WHAT TO WORK ON >>
Of the material below, only the lines from the line containing "Women Maryan Mehlhorn" down to the line containing "Calvin Klein Modern" belong in the answer, written out exactly.

<<<<

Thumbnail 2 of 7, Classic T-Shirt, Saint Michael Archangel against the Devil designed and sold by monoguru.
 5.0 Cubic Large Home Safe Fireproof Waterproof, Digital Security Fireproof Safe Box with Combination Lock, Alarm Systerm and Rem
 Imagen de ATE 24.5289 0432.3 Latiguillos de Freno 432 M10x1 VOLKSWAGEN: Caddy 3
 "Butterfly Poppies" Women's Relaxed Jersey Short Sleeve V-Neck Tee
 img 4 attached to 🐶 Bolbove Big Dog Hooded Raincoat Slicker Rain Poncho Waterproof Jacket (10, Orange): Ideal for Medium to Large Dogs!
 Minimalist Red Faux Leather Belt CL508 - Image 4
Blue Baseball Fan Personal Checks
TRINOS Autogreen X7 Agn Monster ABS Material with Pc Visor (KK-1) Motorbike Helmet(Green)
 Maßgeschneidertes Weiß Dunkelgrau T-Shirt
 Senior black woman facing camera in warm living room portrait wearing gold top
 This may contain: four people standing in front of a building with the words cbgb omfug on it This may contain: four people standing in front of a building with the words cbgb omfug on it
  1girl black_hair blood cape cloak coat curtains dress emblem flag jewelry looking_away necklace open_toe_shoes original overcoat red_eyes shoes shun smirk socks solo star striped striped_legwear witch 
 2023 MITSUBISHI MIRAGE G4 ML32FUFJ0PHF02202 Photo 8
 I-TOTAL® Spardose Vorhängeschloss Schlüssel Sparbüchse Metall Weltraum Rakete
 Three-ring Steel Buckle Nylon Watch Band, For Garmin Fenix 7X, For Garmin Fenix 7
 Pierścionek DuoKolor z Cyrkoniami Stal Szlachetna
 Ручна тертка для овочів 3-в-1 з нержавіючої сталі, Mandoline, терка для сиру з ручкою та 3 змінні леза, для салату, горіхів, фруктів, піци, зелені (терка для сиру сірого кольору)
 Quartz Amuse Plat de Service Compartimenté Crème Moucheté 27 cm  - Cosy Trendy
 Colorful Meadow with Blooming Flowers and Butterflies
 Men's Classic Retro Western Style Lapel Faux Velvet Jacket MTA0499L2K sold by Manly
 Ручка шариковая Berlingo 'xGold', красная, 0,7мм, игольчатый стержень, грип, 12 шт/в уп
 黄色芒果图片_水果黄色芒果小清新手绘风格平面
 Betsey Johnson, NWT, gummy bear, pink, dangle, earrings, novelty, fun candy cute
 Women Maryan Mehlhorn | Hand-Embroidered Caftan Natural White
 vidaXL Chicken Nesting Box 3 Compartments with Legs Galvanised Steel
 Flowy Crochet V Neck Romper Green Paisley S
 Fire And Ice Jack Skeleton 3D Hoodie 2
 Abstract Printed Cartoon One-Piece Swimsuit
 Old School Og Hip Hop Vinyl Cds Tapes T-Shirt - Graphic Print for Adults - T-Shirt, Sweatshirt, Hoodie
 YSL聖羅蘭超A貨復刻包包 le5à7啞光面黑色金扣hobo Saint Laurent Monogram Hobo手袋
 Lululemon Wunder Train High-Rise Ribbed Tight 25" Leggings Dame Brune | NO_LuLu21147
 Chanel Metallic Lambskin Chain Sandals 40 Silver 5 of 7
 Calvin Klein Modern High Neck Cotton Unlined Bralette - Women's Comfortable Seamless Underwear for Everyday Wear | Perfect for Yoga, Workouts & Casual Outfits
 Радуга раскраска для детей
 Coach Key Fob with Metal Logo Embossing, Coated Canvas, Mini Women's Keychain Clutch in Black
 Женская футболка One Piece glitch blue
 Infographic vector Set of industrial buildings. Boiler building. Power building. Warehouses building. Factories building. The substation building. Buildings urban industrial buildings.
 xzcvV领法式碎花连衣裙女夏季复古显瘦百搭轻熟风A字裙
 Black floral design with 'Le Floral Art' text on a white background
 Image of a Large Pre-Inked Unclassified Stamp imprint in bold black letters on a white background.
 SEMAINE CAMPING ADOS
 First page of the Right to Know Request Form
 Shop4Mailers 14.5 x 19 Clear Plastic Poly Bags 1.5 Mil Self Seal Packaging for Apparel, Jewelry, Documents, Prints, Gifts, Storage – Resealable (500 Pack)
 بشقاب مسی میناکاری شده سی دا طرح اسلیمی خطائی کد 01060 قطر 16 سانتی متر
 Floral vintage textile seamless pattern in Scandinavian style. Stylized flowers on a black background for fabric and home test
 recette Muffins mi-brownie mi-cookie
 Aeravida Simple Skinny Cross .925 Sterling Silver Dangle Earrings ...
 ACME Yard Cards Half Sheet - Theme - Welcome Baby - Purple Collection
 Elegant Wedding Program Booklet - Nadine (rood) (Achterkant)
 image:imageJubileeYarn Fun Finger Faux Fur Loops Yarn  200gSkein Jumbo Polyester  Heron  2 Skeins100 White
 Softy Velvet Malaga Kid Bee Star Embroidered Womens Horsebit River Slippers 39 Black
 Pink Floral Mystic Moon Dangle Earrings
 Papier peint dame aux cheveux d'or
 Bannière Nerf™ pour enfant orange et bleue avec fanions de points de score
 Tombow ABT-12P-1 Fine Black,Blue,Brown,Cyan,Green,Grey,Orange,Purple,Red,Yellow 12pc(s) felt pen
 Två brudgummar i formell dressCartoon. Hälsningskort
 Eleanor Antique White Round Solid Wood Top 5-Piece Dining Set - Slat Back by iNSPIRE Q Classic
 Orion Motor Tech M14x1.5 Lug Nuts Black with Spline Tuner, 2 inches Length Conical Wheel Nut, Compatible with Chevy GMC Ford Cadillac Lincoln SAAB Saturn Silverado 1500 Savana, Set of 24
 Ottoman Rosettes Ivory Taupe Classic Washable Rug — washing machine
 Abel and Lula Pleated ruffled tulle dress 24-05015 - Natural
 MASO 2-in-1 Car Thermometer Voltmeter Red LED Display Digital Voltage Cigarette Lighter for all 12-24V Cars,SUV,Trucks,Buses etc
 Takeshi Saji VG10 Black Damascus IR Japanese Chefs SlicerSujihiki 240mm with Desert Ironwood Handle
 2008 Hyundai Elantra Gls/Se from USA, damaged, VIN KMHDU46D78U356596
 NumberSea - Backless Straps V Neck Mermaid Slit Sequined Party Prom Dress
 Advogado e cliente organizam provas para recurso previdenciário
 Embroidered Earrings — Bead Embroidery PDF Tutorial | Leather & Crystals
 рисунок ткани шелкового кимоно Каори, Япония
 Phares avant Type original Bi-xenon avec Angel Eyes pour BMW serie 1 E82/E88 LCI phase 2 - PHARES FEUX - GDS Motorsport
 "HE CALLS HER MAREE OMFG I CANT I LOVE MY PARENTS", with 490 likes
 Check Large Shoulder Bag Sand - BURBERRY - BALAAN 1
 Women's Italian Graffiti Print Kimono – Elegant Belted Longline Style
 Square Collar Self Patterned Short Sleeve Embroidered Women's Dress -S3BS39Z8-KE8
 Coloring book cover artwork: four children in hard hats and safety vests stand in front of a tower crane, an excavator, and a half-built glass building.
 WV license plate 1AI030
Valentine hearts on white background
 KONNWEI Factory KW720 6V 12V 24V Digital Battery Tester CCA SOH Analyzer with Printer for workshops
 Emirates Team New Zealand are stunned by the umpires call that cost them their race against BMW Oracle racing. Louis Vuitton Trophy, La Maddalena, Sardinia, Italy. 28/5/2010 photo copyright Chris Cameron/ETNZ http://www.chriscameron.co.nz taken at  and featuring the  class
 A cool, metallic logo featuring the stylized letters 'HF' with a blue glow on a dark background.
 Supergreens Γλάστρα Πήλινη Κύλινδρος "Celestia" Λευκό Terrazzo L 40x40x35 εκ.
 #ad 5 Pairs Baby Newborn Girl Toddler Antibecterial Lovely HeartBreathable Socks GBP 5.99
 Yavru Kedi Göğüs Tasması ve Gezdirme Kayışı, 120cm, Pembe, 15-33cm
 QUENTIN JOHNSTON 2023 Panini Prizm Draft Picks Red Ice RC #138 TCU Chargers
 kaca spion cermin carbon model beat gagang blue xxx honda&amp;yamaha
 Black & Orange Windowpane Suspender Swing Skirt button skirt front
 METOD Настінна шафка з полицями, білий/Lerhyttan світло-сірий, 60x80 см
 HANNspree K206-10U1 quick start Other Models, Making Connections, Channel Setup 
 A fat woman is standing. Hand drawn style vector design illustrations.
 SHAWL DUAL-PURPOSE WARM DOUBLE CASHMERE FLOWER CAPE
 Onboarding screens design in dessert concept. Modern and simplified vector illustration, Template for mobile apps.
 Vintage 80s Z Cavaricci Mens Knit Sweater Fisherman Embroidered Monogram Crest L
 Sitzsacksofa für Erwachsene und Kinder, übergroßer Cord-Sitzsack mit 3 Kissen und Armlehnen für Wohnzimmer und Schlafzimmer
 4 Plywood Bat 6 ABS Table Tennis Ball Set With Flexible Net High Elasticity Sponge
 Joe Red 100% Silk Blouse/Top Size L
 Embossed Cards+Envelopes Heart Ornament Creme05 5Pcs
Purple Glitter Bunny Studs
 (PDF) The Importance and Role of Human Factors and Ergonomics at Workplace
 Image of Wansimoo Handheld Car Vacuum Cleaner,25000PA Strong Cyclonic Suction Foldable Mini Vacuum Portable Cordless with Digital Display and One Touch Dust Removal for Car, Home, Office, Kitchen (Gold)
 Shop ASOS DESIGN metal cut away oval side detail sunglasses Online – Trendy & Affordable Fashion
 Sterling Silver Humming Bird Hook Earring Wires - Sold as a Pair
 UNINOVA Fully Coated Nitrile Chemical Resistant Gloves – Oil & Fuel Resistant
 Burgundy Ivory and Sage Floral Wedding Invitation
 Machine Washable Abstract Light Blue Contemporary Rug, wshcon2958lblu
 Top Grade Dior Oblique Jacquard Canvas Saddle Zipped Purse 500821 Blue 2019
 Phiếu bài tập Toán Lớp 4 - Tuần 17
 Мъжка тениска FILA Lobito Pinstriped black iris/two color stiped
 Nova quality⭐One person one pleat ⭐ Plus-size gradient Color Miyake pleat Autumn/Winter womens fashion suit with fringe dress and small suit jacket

>>>>

EXERCISE SOLUTION >>
 Women Maryan Mehlhorn | Hand-Embroidered Caftan Natural White
 vidaXL Chicken Nesting Box 3 Compartments with Legs Galvanised Steel
 Flowy Crochet V Neck Romper Green Paisley S
 Fire And Ice Jack Skeleton 3D Hoodie 2
 Abstract Printed Cartoon One-Piece Swimsuit
 Old School Og Hip Hop Vinyl Cds Tapes T-Shirt - Graphic Print for Adults - T-Shirt, Sweatshirt, Hoodie
 YSL聖羅蘭超A貨復刻包包 le5à7啞光面黑色金扣hobo Saint Laurent Monogram Hobo手袋
 Lululemon Wunder Train High-Rise Ribbed Tight 25" Leggings Dame Brune | NO_LuLu21147
 Chanel Metallic Lambskin Chain Sandals 40 Silver 5 of 7
 Calvin Klein Modern High Neck Cotton Unlined Bralette - Women's Comfortable Seamless Underwear for Everyday Wear | Perfect for Yoga, Workouts & Casual Outfits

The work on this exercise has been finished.